Criminal offenses, such as the possession and distribution of illegal or harmful content, can be uncovered through the combined use of web scraping and artificial intelligence. Oxylabs have proven that to be the case through the GovTech challenge.
The Communications Regulatory Authority of the Republic of Lithuania (RRT) had hosted a hackathon for the detection of images of child abuse within the Lithuanian IP space. Our team at Oxylabs went on to win the competition with an AI-powered solution that involves web scraping.
In simple terms, the application continually scans the internet, downloads images, runs them through machine learning models, and if any potentially abusive content is happened upon, it is forwarded to the authorities. As of 2022, the tool has been fully integrated into the daily operations of RRT.
Tracking the shadow economy and money flows
But alternative data can serve the public sector in much simpler ways without necessitating artificial intelligence or machine learning. A great example would be tracking shadow economy trades for better estimations.
Shadow economy is often quite difficult to track due to the inherent nature of it being hidden from traditional statistics. Outside of faked salaries, a significant portion of the shadow economy thrives through undeclared income from secondary sources.
One of the most common ways to avoid taxes (or launder money) is through in-person sales of household goods. In our case, such income wouldn’t be presented to tax authorities, bolstering the shadow economy.
Luckily, a lot of such activity now happens online through the help of classified ad websites such as Craigslist or user-generated marketplaces like eBay. Any advertisement or proposal will have either account or contact information added.
As long as a government institution has access to methods for acquiring such data and matching it with internal records, any sales can be tracked on a large scale. As a result, alternative data can enrich tax collection practices.
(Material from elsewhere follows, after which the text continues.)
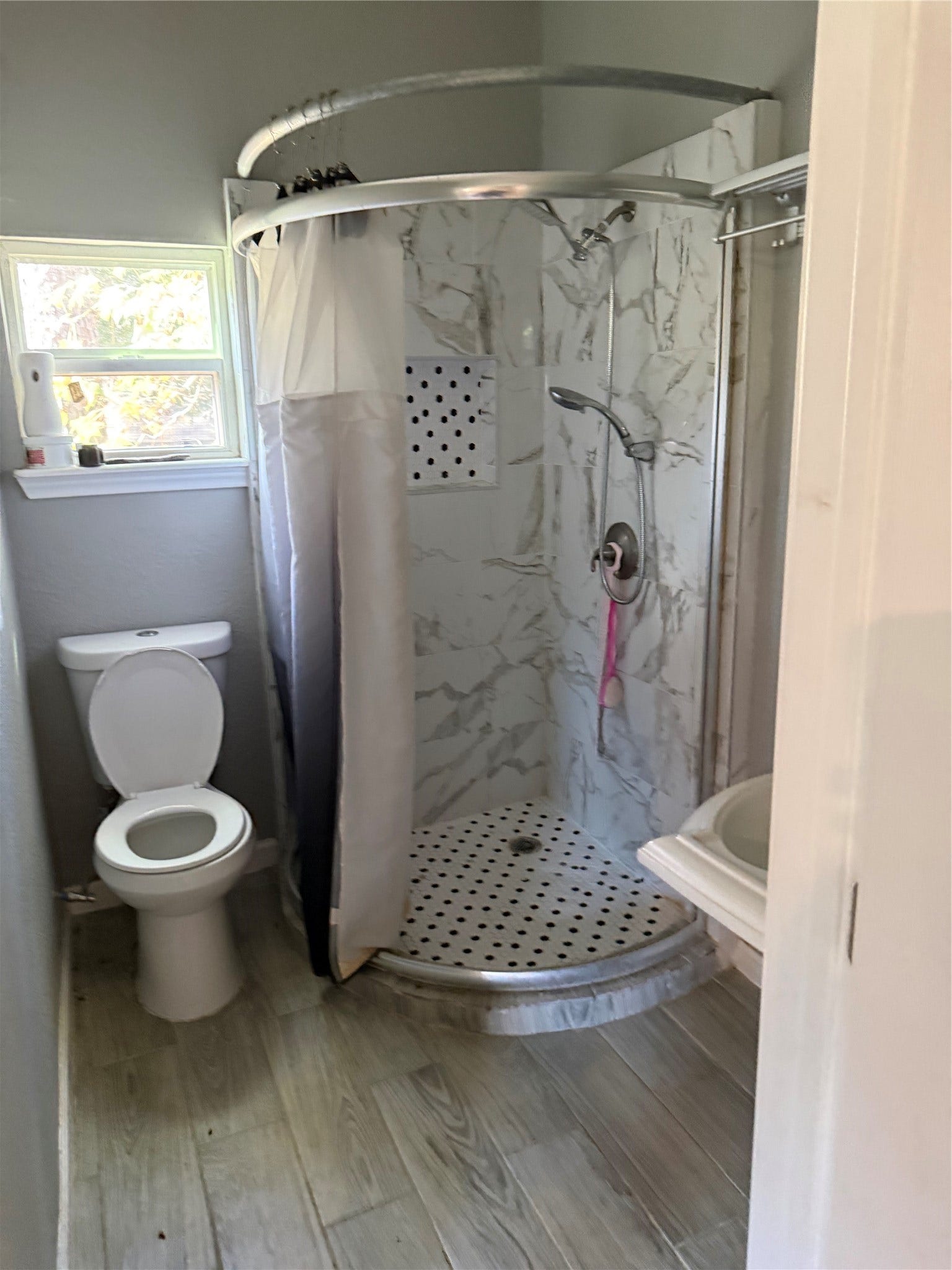 29702 E Hawthorne Drive, Spring, TX 77386 Guest house shower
Additionally, such calculations would help finance departments estimate the scale of the shadow economy with more accuracy. Such data would be beneficial when new policies intended to curb the growth of undeclared income are implemented. It would enable the measurement of their effectiveness.
Conducting independent research
Finally, alternative data and web scraping could help governments enrich their traditional dataset on various topics. Similar attempts have been made by researchers at the Billion Prices Project (BPP).
Web scraping was employed by researchers at the various projects associated with BPP. Primarily, it was used as a way to measure inflation in countries without having to resort to official statistics.
BPP turned out to be extremely effective in countries where such information was manipulated or suppressed. It, however, would be just as useful as an additional hedge against the current ways of measuring inflation, such as CPI.
They scraped millions of products and their prices in order to track changes in valuations over time. Presumably, with enough products, that would give a good estimation of the changes in the value of money.
Comparisons can then be drawn in order to get a better glimpse of the changing economy. Web scraping is doubly helpful as regular data collection methods usually have significant lag. Web scraping delivers data nearly instantaneously, which would make predictions significantly more accurate.
Conclusion
Alternative data and web scraping can tremendously enhance current public sector practices. It is, however, still rarely used, probably due to it being hard to access. Developers of solutions and datasets must now focus on ways to make web scraping more accessible, even to those without high-level technical expertise.